WHAT THE TASK REQUIRES.
From the first line to the last, retype the records exactly without their images.
____________________
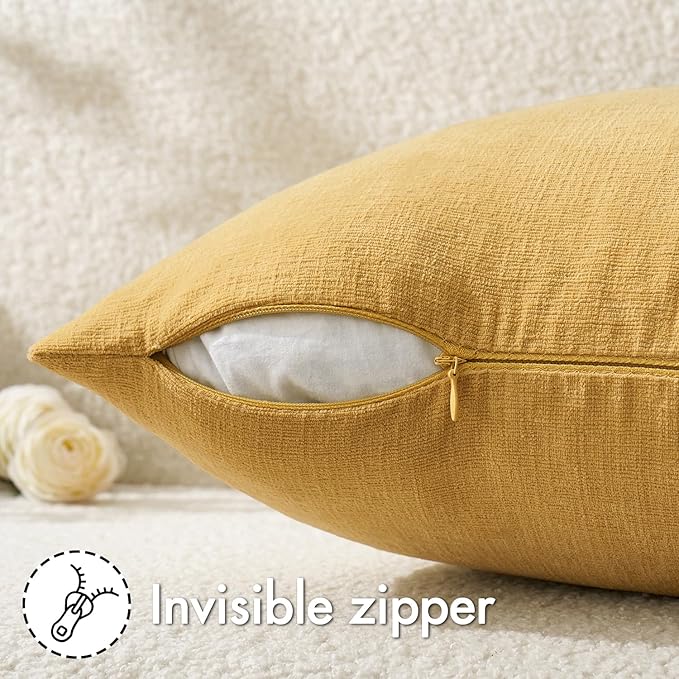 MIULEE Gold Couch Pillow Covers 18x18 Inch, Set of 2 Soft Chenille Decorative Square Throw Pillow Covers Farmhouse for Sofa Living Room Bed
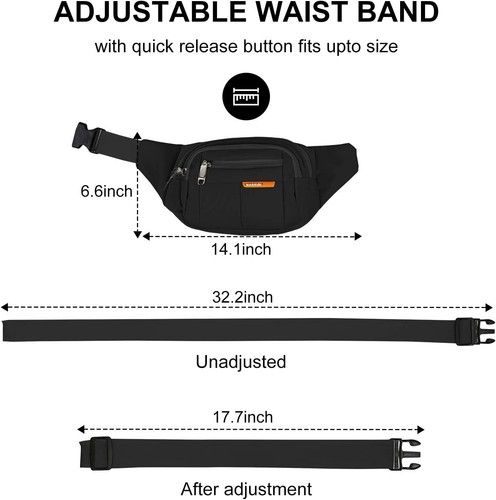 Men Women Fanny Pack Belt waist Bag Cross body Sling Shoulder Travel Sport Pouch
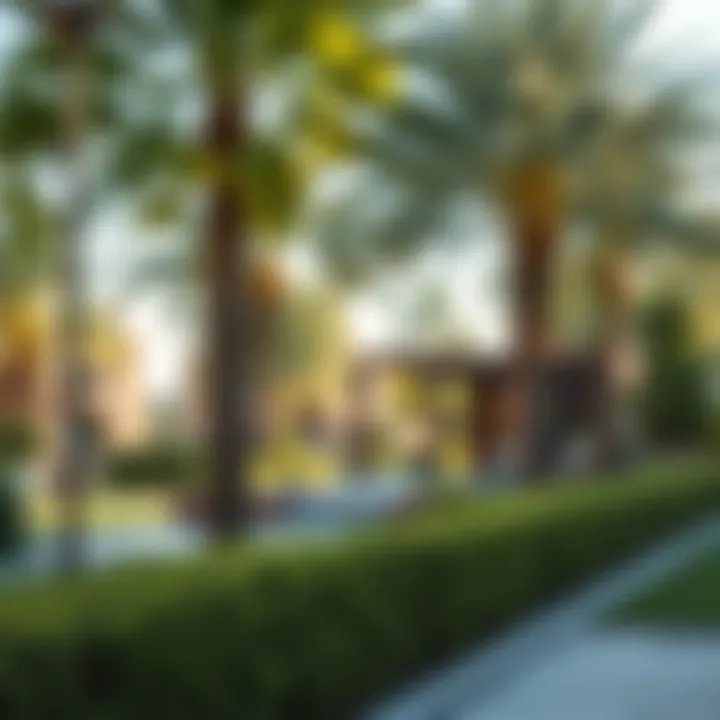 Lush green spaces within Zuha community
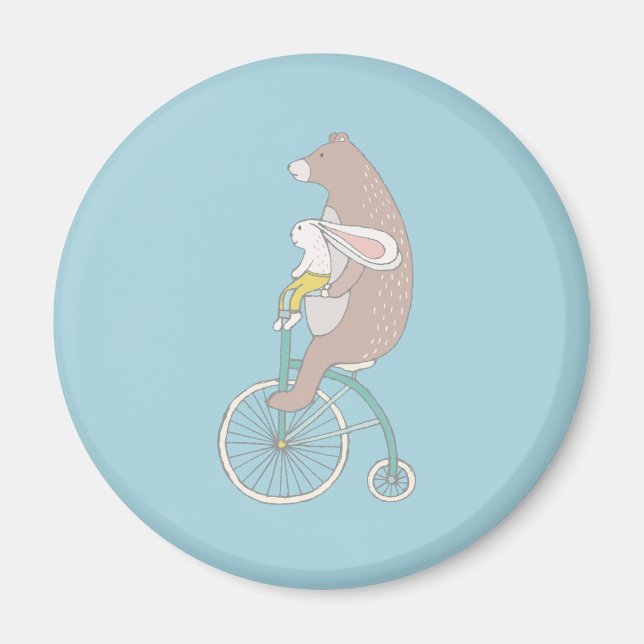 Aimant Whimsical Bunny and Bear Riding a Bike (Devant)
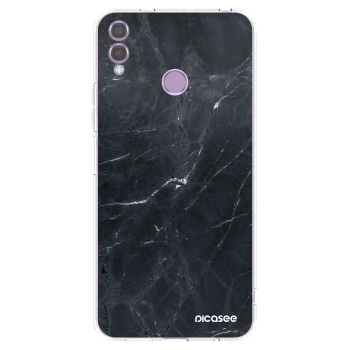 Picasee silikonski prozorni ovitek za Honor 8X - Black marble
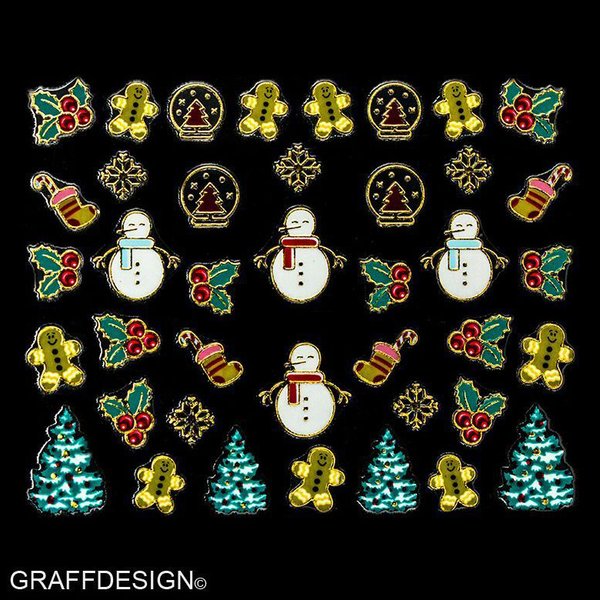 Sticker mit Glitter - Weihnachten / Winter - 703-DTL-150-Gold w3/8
____________________
PROBLEM SOLUTION.
 MIULEE Gold Couch Pillow Covers 18x18 Inch, Set of 2 Soft Chenille Decorative Square Throw Pillow Covers Farmhouse for Sofa Living Room Bed
 Men Women Fanny Pack Belt waist Bag Cross body Sling Shoulder Travel Sport Pouch
 Lush green spaces within Zuha community
 Aimant Whimsical Bunny and Bear Riding a Bike (Devant)
 Picasee silikonski prozorni ovitek za Honor 8X - Black marble
 Sticker mit Glitter - Weihnachten / Winter - 703-DTL-150-Gold w3/8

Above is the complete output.